Medical image segmentation automatic quality control: A multi-dimensional approach

In clinical applications, using erroneous segmentations of medical images can have dramatic consequences. Current approaches dedicated to medical image segmentation automatic quality control do not predict segmentation quality at slice-level (2D), resulting in sub-optimal evaluations. Our 2D-based deep learning method simultaneously performs quality control at 2D-level and 3D-level for cardiovascular MR image segmentations. We compared it with 3D approaches by training both on 36,540 (2D) / 3842 (3D) samples to predict Dice Similarity Coefficients (DSC) for 4 different structures from the left ventricle, i.e., trabeculations (LVT), myocardium (LVM), papillary muscles (LVPM) and blood (LVC). The 2D-based method outperformed the 3D method.
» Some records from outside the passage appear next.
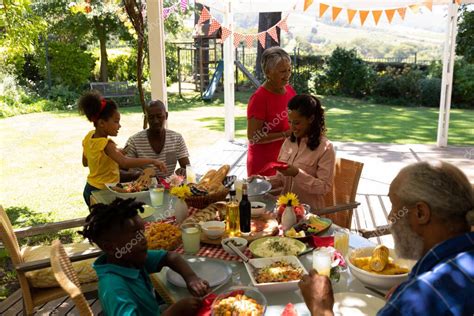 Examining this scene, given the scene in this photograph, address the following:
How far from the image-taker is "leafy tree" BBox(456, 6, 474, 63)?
14719 mm

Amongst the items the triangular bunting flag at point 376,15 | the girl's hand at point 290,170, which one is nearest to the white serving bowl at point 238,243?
the girl's hand at point 290,170

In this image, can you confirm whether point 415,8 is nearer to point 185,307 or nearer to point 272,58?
point 272,58

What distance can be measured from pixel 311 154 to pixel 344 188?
44cm

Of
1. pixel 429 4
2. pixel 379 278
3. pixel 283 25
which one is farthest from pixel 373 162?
pixel 379 278

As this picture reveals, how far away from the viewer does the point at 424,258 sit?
1.43m

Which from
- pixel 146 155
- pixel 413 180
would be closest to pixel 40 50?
pixel 146 155

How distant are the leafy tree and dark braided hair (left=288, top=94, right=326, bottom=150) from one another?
45.6 feet

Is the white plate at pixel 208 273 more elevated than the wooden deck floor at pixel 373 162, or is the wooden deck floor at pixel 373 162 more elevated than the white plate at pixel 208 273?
the white plate at pixel 208 273

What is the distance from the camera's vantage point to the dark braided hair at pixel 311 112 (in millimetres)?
3229

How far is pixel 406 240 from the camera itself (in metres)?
1.61

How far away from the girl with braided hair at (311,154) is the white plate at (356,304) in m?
1.25

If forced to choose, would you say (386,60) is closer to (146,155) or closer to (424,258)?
(146,155)

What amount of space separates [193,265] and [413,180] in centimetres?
119

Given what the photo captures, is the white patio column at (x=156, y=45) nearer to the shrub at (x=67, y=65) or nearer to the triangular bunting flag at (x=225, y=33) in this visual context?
the triangular bunting flag at (x=225, y=33)
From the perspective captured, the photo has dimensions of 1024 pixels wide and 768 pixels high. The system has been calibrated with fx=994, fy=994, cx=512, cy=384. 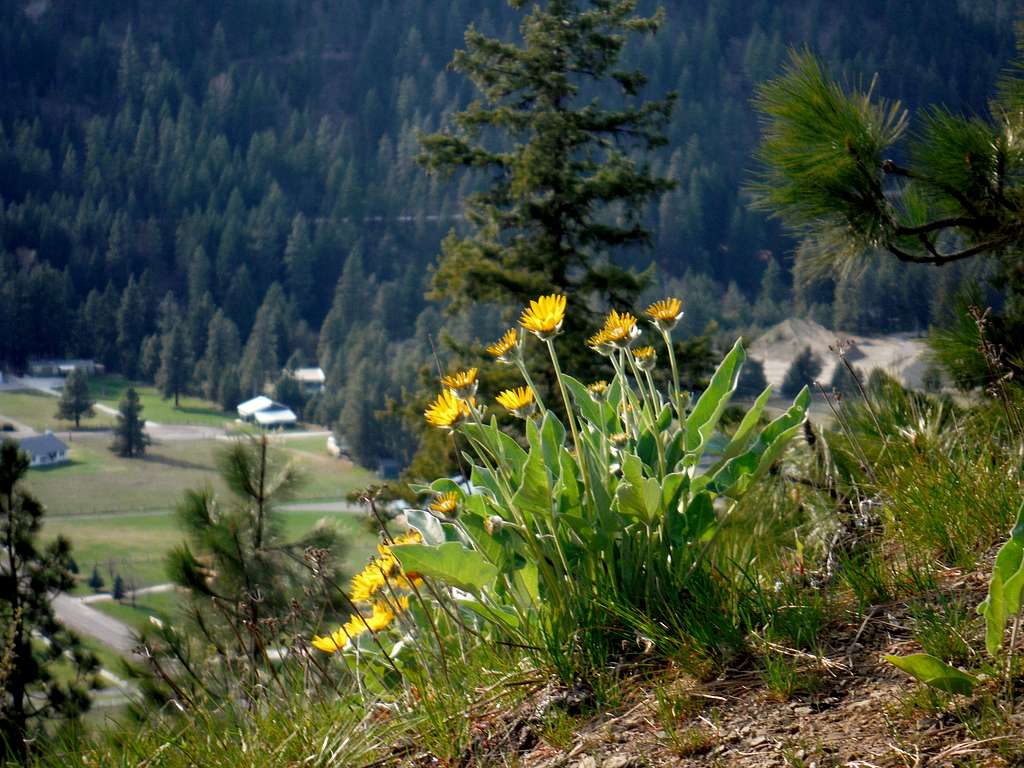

At the 2D-level, the mean absolute errors (MAEs) of the DSC predictions for 3823 samples, were 0.02, 0.02, 0.05 and 0.02 for LVM, LVC, LVT and LVPM, respectively. At the 3D-level, for 402 samples, the corresponding MAEs were 0.02, 0.01, 0.02 and 0.04. The method was validated in a clinical practice evaluation against semi-qualitative scores provided by expert cardiologists for 1016 subjects of the UK BioBank. Finally, we provided evidence that a multi-level QC could be used to enhance clinical measurements derived from image segmentations.